ケネディ一族の航空事故

 ケネディ家には何故あれほど次々と悲劇が起こるのか。何かにたたられているのではないかという人がいる。それに対して、7月26日夜のNHK-TV「クローズアップ現代」では、あの一族はベンチャー・ビジネスならぬ「ベンチャー・ポリティックス」とでもいうべき傾向があるからではないかという意味の解説があった。

 ただし解説者の猿谷要先生がこんなヘンな言葉を使ったわけではない。言いたいことは政治的、社会的にきわどい場面で、ふつうの人ならばしり込みするようなとき、ケネディ一族は逆に一歩前に出てゆくのだそうである。

 だから暗殺されたケネディ大統領の長兄、ジョセフ・ケネディ(1915年生)が1944年8月8日、第2次大戦中の軍隊にあって危険と見られた秘密の爆撃任務に参加、搭乗した爆撃機が空中爆発で死亡したのも同じ精神から出たものらしい。享年29歳であった。

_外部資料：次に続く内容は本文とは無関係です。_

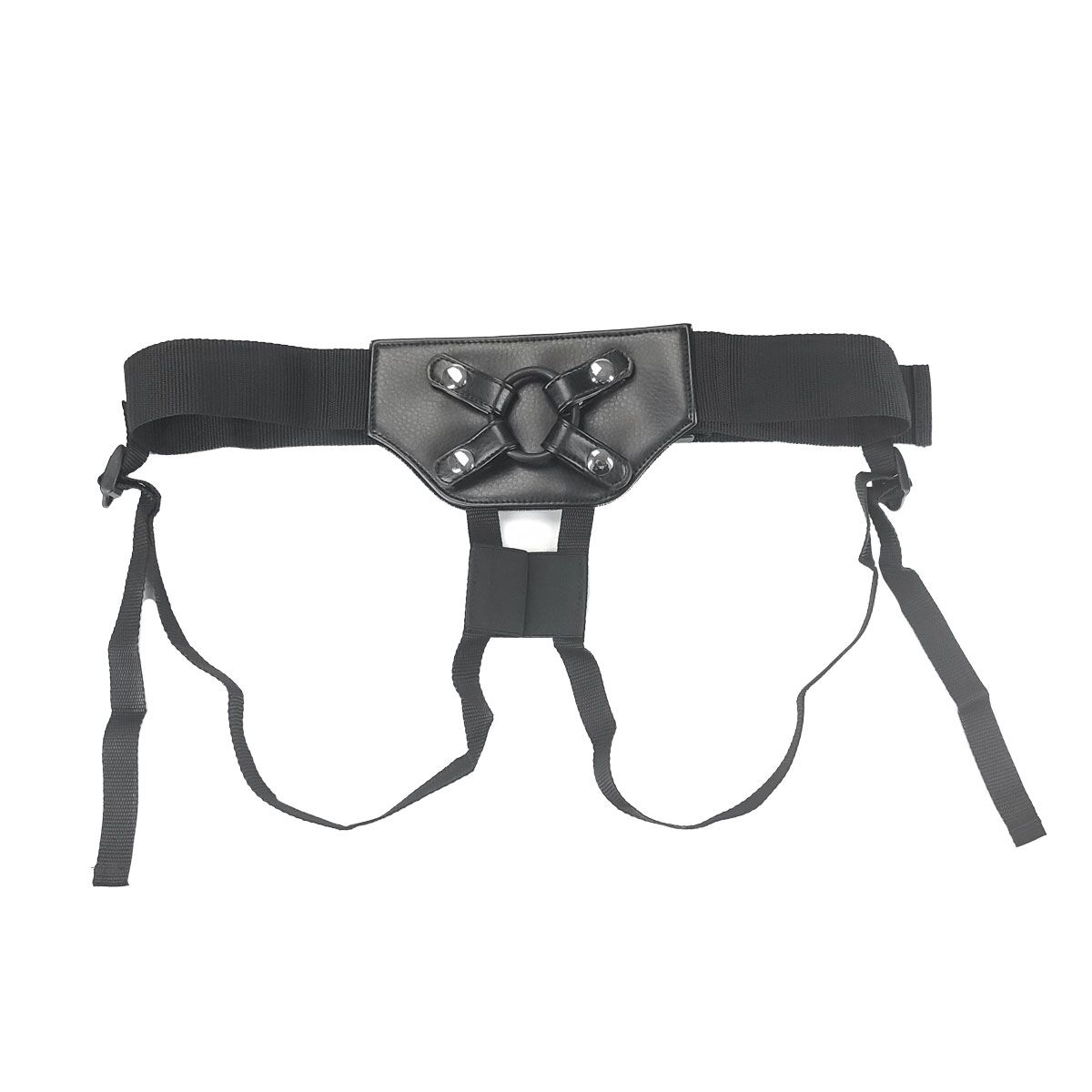 sx3151-34179983464690 Трусики для страпона Addiction Strap-On Harness One Size - Зображення 1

 ケネディ家を襲った次の航空事故は1948年5月13日、大統領の妹のキャサリンを死亡させた。彼女は母親の反対を押し切って、勘当の宣告を受けながら妻子ある人と駆け落ちの途中、2人の乗った小型機が山にぶつかったのである。享年28歳。

 また上院議員のエドワード・ケネディも1964年、飛行機の事故で怪我をしている。そして今回、ケネディJrなど一族の3人が、またしても航空事故に遭遇した。

 航空は、それ自体ベンチャーである。そこからできるだけベンチャー的な要素を取り除き、安全で信頼できる日常的な乗り物にしようというのがこの100年間、航空人のめざしてきた努力目標であった。

 しかし一方では、ベンチャー・スピリットがなければ航空の進歩はあり得ない。だからケネディJrの今回の死出の飛行を、航空の信頼を損なう無謀な行為と見るか、進歩のための犠牲と見るか、私は結論が出せないでいる。